I headed around to the east side of the lake, crossing my third state line into Nevada, stopping at a viewpoint to take some better photos, and drove down the steep eastern escarpment of the Sierras. I arrived in Carson City in the middle of the morning, where I have to say that the signage for east on U.S. 50 was not the clearest on the planet. I did finally find my way out of town, though.
I hadn’t realized until I’d pulled my map out while I was trying to figure out the aforementioned way out of town that Virginia City was only a few miles off of U.S. 50, just a few miles east of Carson City. I hadn’t been to this Virginia City since the weekend I got engaged to my first husband, thirty-mumble years ago. Since I visited another Virginia City (the one in Montana) early on during my first Long Trip, it seemed like a good idea to visit the other one this time. Besides, it was getting on towards lunchtime.
Virginia City, Nevada is kind of a hoot. It’s a tourist trap extraordinaire, but it’s also the home of one of the richest strikes in mining history, as well as where Mark Twain got his start as a newspaperman. It was fun to wander up and down the board sidewalks and peer into shop windows, and eat lunch in a saloon. I do have to say, though, that it wasn’t where I expected to see anything Seahawks. At this point I’m a lot closer to Forty-Whiner country <g>.

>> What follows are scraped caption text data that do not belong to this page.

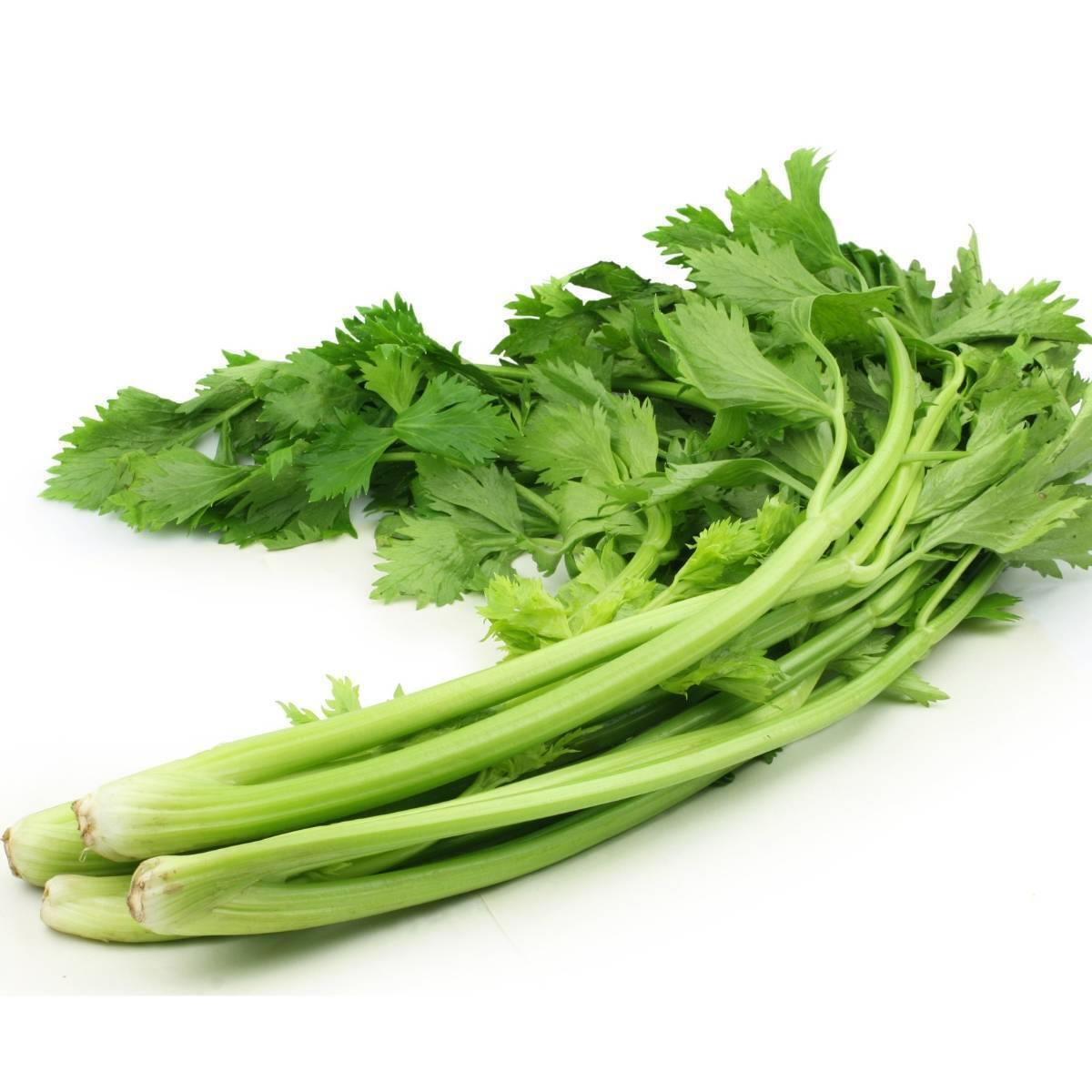 Celery Chinese Broadleaf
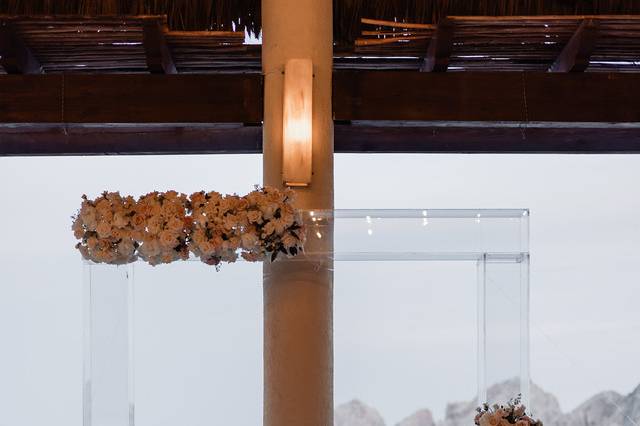 Reception in 12 Tribes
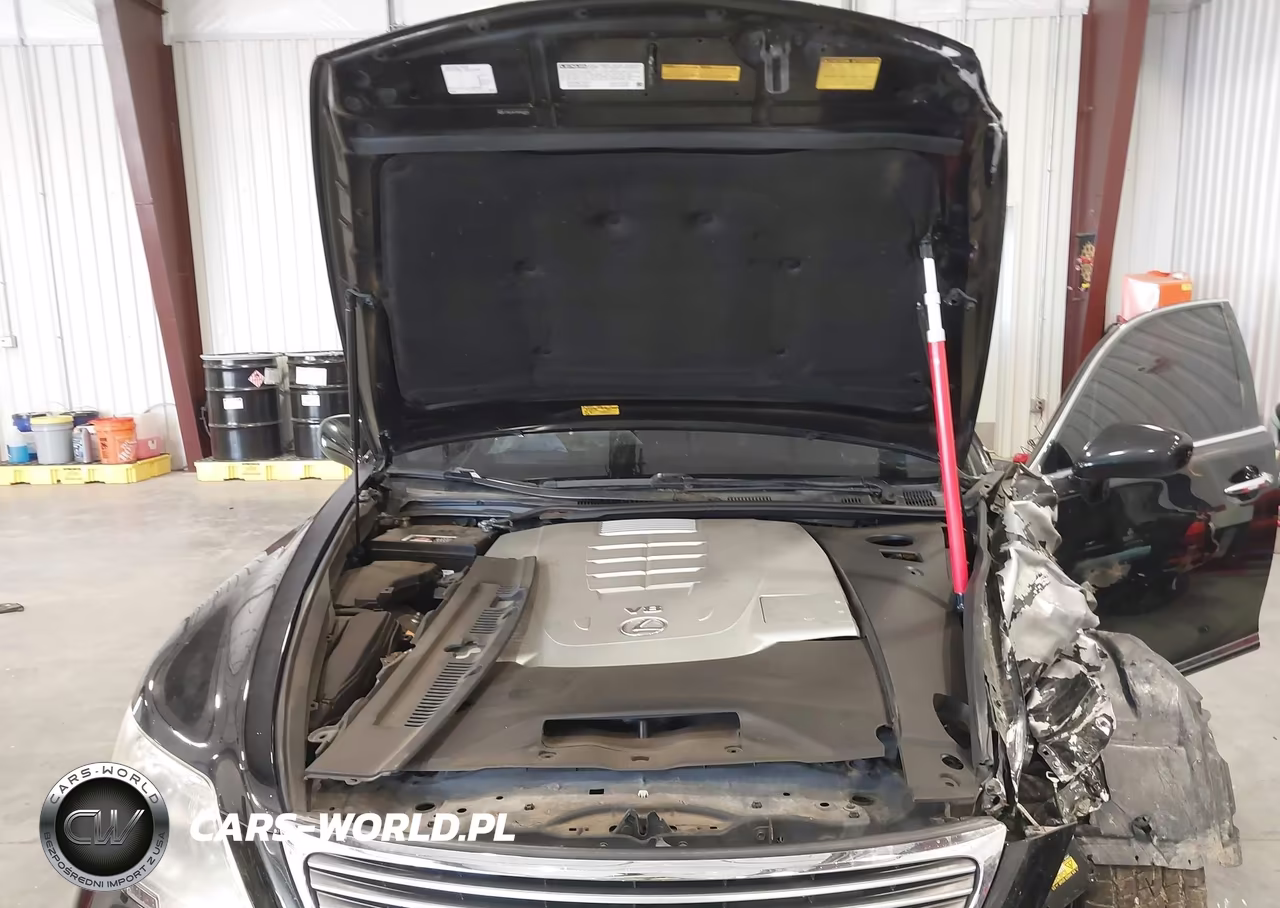 2008 Lexus Ls 460 VIN:JTHBL46F485062646 - 10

After Virginia City, I kept going east! finally! (after almost a week of going south) on U.S. 50, which in Nevada is known as the Loneliest Highway in America. Once you leave the outskirts of Carson City behind, and the town of Fallon about an hour further on, it does get pretty empty, at least of human stuff. It was 110 miles from Fallon to the next town, Austin, a tiny old mining camp perched on the side of a mountain, and I think I saw one human habitation along the way. Oh, and a rest area with an exhibit about the Pony Express, the route of which crossed what would become the highway several times.
There’s a reason they call it the basin and range country. The geology is such that from the air, the state of Nevada looks like a piece of fabric stretched then rumpled repeatedly in neat rows. Across the plain, over the mountains, across the plain, over the mountains, lather, rinse, repeat.
I’m in a forest service campground just east of Austin, where I think I may have camped with my parents when I was a kid. It looks vaguely familiar, anyway. The altitude is 7200 feet, where it’s nice and cool, as opposed to the 90s I left behind in Carson City. There are wildflowers, too. My old friends mules’ ears and lupine, and my favorite wildflower of all, alpine phlox. My neighbors are friendly, too. It’s a good place to be for the night. I wonder if I’ll wake to find critters peering in my window again.